Alley watched as Speirs leveled the gun at the private’s head, wondering if he wanted to see this, if he had any choice. But the captain’s hand, so swift in dealing death on countless occasions before, did not pull the trigger.

“Have the MPs take care of this piece of shit,” he said before leaving.

“Grant’s dead?” Talbert asked on behalf of them all.

“No,” Speirs holstered his gun. “Kraut surgeon says he’s gonna make it.”

Alley hopped off the expensive-looking table he’d been sitting on and pulled a pack of Camels out of his pocket with shaking, blood-stained hands. How’s a man supposed to stay alive around here if people on his own side are trying to kill him?

---

The men in the photographs posed proudly in their uniforms, shaking hands, clinking glasses full of expensive liquor, marching in parades in streets Alley himself had walked on, sunning themselves out on lavish decks with the Alps towering behind them. All those faces, strong and self-assured, unwavering in their belief of their cause for going to war.

“You’re a crazy fucker, More…”

More sniggered and turned another page. “He knew. Speirs knew.”

“And he let it go?”

“Didn’t think he would’ve if Tab hadn’t walked in…” More said. “But he’s never asked about it since.”

“No, he’ll just give you a cigarette and shoot you in the head.”

These were bad men who did bad things for the worst of reasons. Most of them were now dead, captured, or missing-their empire undone, their haughty fortresses of wealth and power now overrun with country boys and coal miners, drinking their wine and sleeping in their beds. It didn’t feel like winning to Alley. He doubted anything would.
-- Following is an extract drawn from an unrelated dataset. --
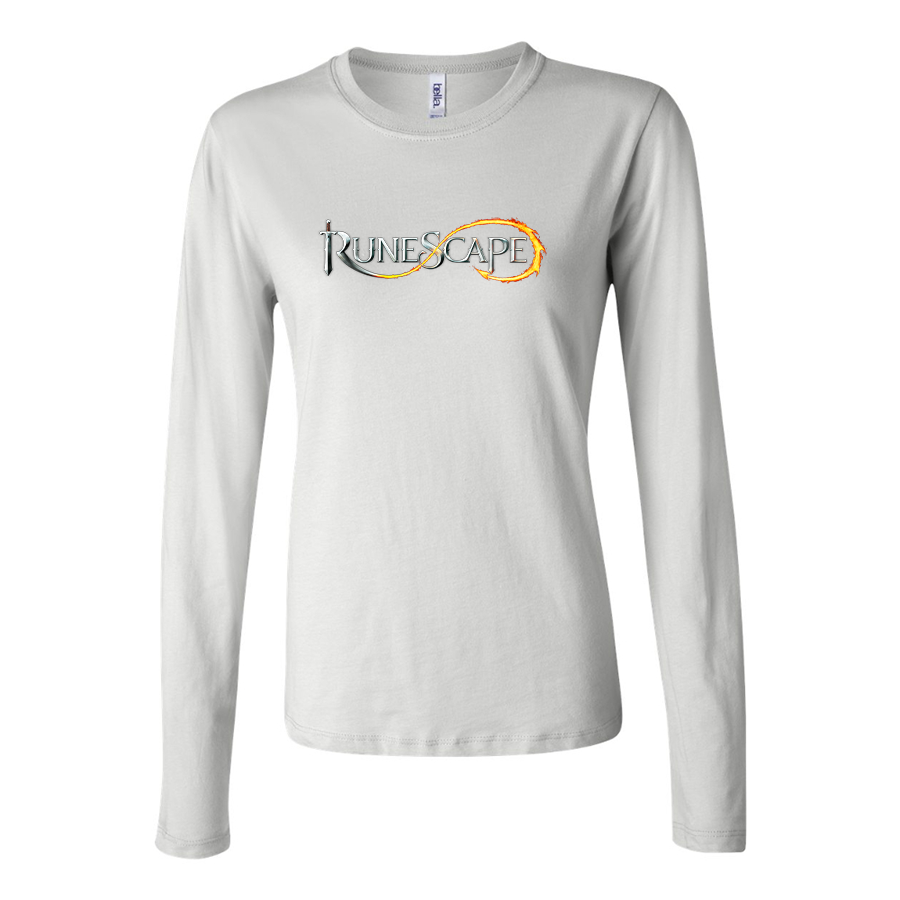 BELLA CANVAS Women’s  Runescape Logo Jersey Long Sleeve Tee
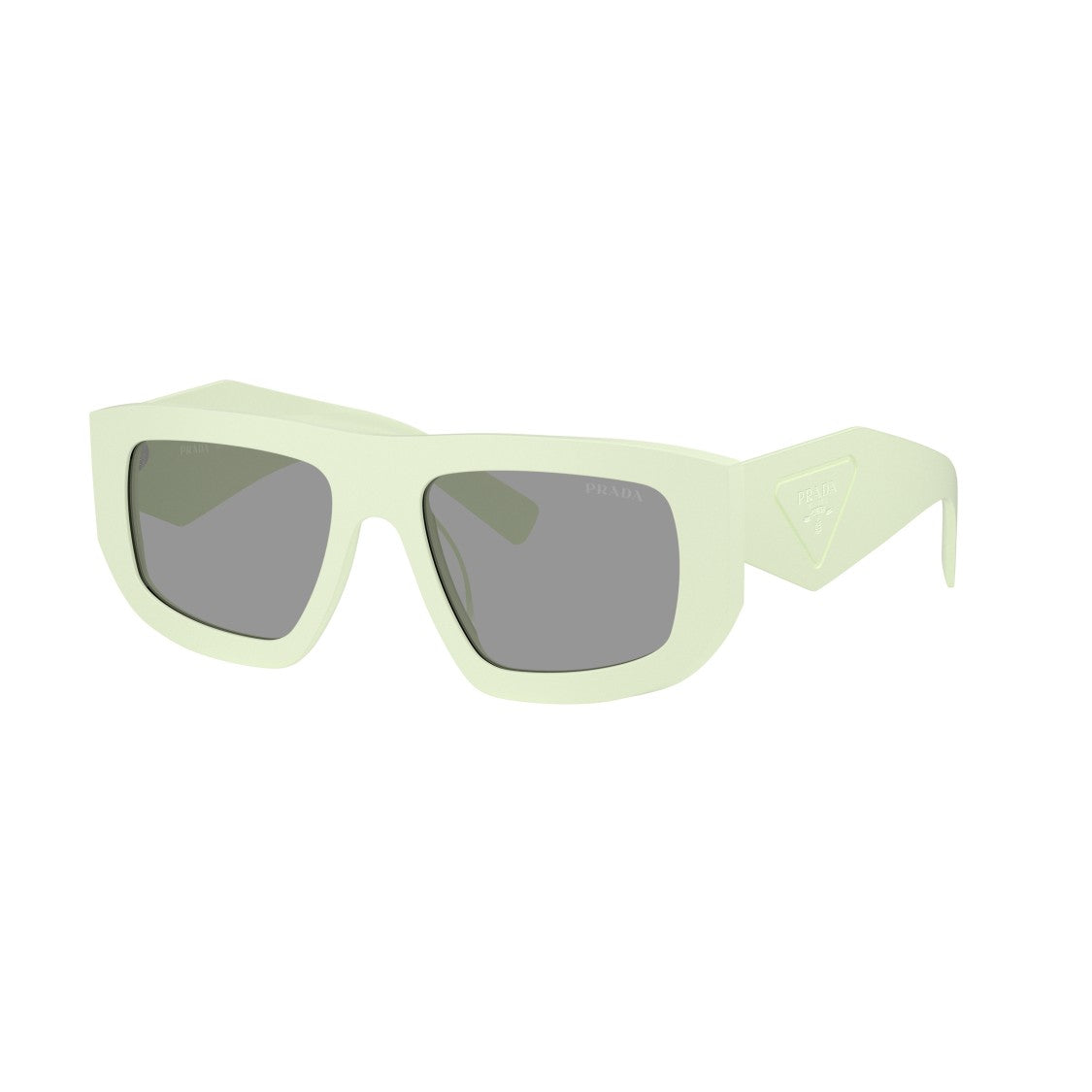 Prada 0Pr D04su Matte Acetate Rectangular Sunglasses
Leaving home for Toccoa three years ago, he’d imagined himself coming back a hero. Now he knew that he will come back, above anything else, a stranger. To his friends and his family and his town, but most of all to himself. He will come back to them as he is now, and they will make of him what they will-a man, a soldier, a survivor, or whatever else they see fit to view him as. He’d fought, full of will and determination, and he’d refused to die because he hadn’t yet become what the recruitment posters promised him he would be, a mighty paratrooper dropping from the skies to free the world and rid it of the Axis’ evil. Young Jimmy Alley had believed in those things. The war-bruised Sergeant Alley, twice wounded and many times dead, still carrying bits of shrapnel under his skin and the ghosts of the dead on his back, didn’t.

The only heroes he knew were dead men, lying in shallow graves dotted all across Europe and beyond, young and slain before their time. At different points during this war, Alley had found himself wishing for his life to end as much as he wished it to continue. Now, his only wish was to come home, to whatever would be waiting there for him.

It was, after all, only a matter of dying one more time and living again, changed again.